Pretty soon you have "China doesn't let people say bad things about their leader, neither should we"

and

"China uses force to take things from other countries, why shouldn't we"

Your ideals and morals should be strong enough they don't change based on a bad actor.




I think you totally missed the argument: it's not about copying anything China does, it's about reciprocating restrictions that they place on your country. If China places a tariff on US imported goods, then the US places a tariff on Chinese goods.

This is and has been the case even for non-adversary countries, and is bread-and-butter foreign policy


> it's not about copying anything China does, it's about reciprocating restrictions

Your justification is literally "They're doing it to us, so we should do it to them".

Apply that logic to everything China does. Do you want to behave like them?

Wait a few years and it will be about reciprocating other things China does.

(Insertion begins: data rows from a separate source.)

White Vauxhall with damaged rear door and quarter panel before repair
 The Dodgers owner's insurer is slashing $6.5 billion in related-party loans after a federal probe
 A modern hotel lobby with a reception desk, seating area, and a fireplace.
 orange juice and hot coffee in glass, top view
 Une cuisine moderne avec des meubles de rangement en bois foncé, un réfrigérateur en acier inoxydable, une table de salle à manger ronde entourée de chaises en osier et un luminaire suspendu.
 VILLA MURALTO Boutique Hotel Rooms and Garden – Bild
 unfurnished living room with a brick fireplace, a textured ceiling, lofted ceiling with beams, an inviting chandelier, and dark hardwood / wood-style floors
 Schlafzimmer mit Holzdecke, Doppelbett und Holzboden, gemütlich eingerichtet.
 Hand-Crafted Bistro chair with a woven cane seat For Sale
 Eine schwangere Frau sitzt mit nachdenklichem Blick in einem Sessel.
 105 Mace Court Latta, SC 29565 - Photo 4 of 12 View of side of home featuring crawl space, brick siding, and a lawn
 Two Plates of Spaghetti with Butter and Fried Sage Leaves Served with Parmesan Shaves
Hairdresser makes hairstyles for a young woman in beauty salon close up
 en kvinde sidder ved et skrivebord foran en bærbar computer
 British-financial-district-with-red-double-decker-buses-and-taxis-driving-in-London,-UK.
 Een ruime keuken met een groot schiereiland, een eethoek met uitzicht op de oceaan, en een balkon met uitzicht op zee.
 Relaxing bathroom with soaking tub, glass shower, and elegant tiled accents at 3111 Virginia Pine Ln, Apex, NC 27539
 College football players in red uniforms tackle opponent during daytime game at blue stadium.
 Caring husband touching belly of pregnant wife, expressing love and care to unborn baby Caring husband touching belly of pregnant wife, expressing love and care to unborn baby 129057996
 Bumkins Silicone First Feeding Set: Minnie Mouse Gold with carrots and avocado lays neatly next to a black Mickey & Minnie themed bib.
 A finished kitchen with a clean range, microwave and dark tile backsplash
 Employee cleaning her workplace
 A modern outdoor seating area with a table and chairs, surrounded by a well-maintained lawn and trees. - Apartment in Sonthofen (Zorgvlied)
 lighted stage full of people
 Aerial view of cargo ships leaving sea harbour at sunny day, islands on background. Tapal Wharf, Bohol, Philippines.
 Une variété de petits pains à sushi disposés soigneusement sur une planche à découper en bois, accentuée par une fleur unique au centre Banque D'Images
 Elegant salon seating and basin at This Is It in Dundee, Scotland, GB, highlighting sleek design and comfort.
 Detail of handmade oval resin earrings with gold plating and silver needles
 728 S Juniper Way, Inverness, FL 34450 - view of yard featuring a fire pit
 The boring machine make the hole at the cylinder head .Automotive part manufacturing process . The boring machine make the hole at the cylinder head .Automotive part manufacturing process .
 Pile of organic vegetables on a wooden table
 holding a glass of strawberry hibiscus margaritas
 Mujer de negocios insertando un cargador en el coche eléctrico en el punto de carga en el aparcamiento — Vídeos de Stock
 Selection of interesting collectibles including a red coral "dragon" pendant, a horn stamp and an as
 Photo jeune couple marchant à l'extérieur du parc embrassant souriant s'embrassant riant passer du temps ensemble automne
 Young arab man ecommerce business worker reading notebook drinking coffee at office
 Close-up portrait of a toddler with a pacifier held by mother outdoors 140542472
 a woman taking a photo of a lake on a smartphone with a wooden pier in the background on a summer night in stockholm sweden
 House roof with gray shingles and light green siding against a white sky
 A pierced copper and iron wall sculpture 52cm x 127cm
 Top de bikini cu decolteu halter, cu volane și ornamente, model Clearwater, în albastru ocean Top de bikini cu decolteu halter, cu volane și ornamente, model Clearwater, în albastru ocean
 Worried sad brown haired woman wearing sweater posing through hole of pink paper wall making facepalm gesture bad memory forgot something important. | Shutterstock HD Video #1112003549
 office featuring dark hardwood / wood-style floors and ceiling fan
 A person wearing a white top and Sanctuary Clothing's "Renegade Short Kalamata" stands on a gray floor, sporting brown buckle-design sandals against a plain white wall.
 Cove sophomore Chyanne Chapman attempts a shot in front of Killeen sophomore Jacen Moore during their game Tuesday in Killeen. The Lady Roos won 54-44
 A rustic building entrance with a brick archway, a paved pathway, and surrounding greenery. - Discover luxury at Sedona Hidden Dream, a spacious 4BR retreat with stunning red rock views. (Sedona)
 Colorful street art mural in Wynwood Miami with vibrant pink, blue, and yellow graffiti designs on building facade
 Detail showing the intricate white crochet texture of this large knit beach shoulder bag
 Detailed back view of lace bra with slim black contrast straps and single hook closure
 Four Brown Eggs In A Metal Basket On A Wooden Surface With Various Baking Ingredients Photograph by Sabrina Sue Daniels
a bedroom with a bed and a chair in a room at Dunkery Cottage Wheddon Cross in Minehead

Reciprocating tariffs has been a thing for hundreds of years before the US even existed. The justification isn't "they're doing it, so let's just copy them", it's "they're inflicting economic impact on us by reducing the profit of our exports to them, we'll put pressure on them to stop that by reducing the amount that we import for them".

It's not simple "but he hit me first" logic: it's macroeconomics with an actual strategy in mind.

Reciprocating =/= literal copying.


Ridiculous comparison when we're literally talking about trade with that country. Reciprocal free trade is the principle.